9 Comments for “Investing in good tools”

  1. posted by John on

    Best advice I ever got. Buy the cheapest tool of a quality that clearly meets or exceeds your needs. I don’t need a sub zero fridge, but I need something better than a Danby (sorry Danby).

  2. posted by Pat Reble on

    Buying one good tool also accords with the concept of minimalism – one good pen you take care of rather than several poor quality ballpoints you can never find.

  3. posted by Pat on

    My husband has a severe dust allergy. When it was diagnosed back in 1995, there were several recommendations his doctor made about reducing his exposure to dust, and buying a vacuum with a HEPA filter was essential. We purchased a Miele vacuum, and it was great from the start. I never realized how much good design (and I have a background in design) can make a difference in how easy something is to use. We’re on our second Miele now (the first lasted 15 years, we’re 5 in on the new one), and I don’t like the second as much as the first, but it does a great job on all surfaces (the first one had a compartment for the attachments built in–now I have to tote them in a small bucket).

  4. posted by SusieQ on

    For note taking, consider either the Levenger Circa system or the similar Staples M product. I love the fact that I can write notes and then figure out the best place to put the page later. It is completely flexible in that manner. I have the Junior size which is perfect for quick notes, travel and then I also have the clear pockets where I store receipts that need to be scanned into my expense system.

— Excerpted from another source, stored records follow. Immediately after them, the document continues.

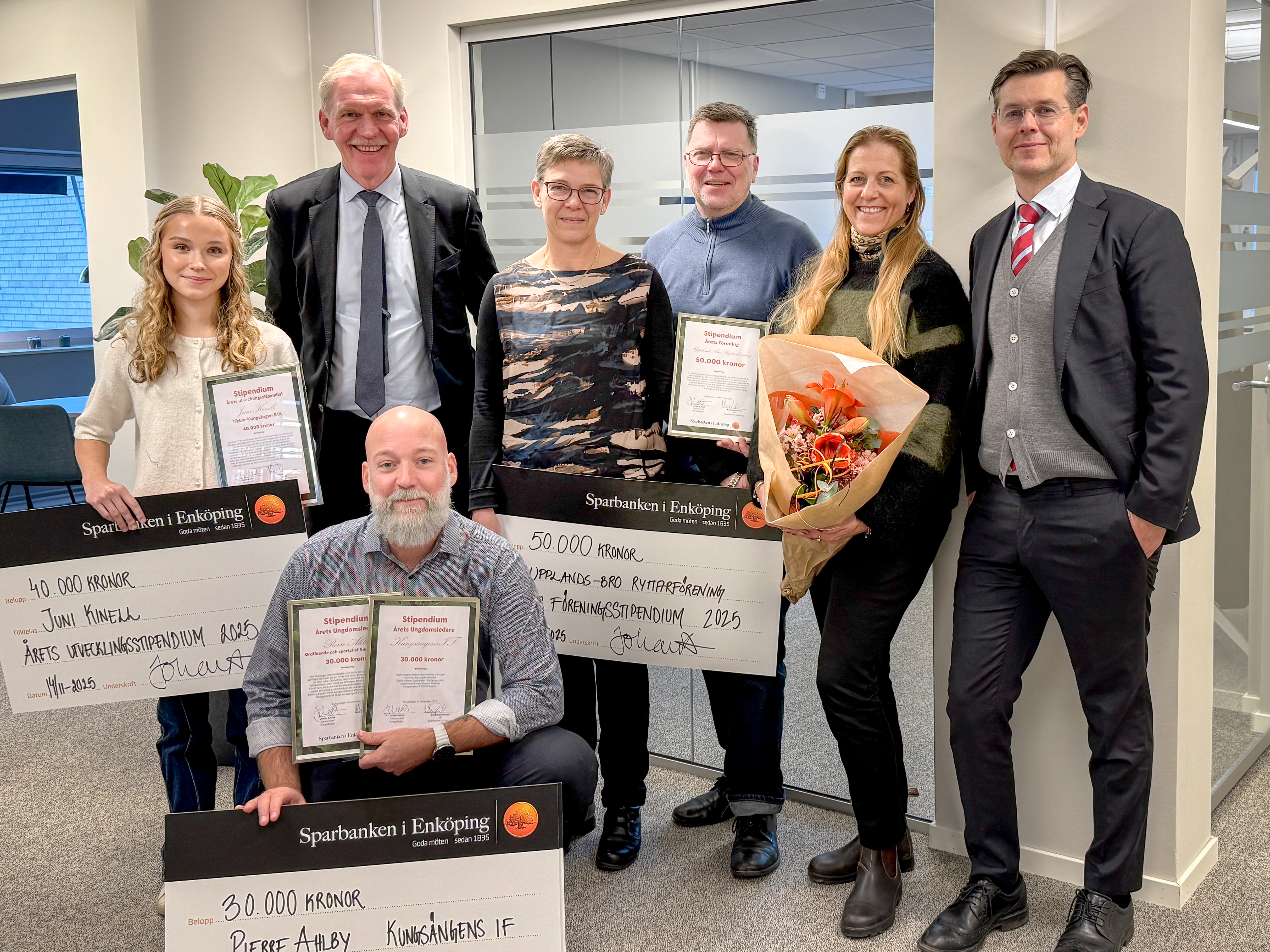 7 personer ler mot kameran, en håller en blombukett tre håller stora checkar från Sparbanken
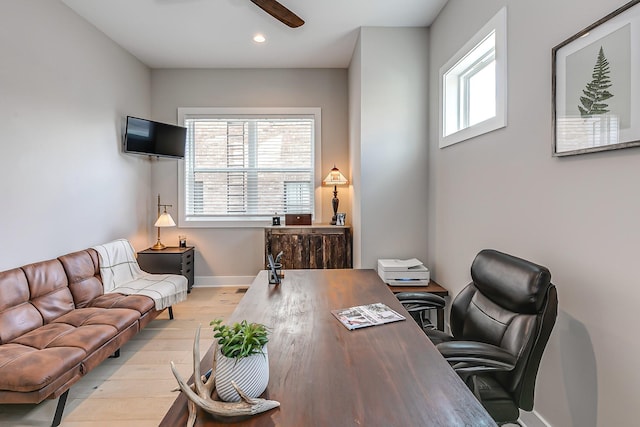 office area with light wood-type flooring and ceiling fan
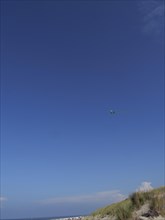 Blue sky with a kite over a beach with dunes, dunes and beach at the sea with dune grass and beach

    I also agree with Pat Reble on the “good pen” philosophy, but currently my pen is the Marriott hotel pen – writes well and easy to find in my bag with that red finger grip. It’s the writing well part that makes it “good” in my book.

  5. posted by Pat Reble on

    SusieQ makes an important point about “good” – it’s not always the most expensive tool that qualifies. The main thing is to find the best tool and not struggle with inferior versions that make a task harder or less pleasant.

  6. posted by Cynthea Corlett on

    I have 2 dogs and 2 cats (indoor) My Miele canister vac is 15 years old and going strong. I take it in for service every 3 or 4 years and am good about changing the air filters. Well worth the money we spent.

  7. posted by Susan on

    Those floss pick things are not recyclable, though. It’s disposable plastic, essentially a one-use item and then it’s in a landfill until long after we’re dead. I’d like to see a merging of ZW and decluttering but most people seem unwilling to go that extra step.

  8. posted by Steven on

    Agree wholeheartedly! My personal preference leans toward an excellent work messenger bag/backpack. Of course there are options ranging from the lowest price to the highest. For the past couple of years, I’ve been completely satisfied with Rickshaw’s Commuter Laptop bag. Top notch quality, casual enough for lugging around anywhere but it won’t embarrass you if you need to take it to a meeting.

    And let’s never forget: if you don’t buy a little of everything, you’ll have the money to get something of higher quality when it’s time to purchase.

  9. posted by a woman on

    When the previous vacuum cleaner was broken, I didn’t buy another one. I have one carpet in the house so I can clean easily the house in the old fashion. I realise after a time that I have less worries (no thinking about item, not maintain it), less electricity payment (ok, not a big difference, 2-3 per month is not a lot), more space in the closet, and free fitness for me.
    I clean more often (I am allergic – dust) and wash the sol every 2-3 days.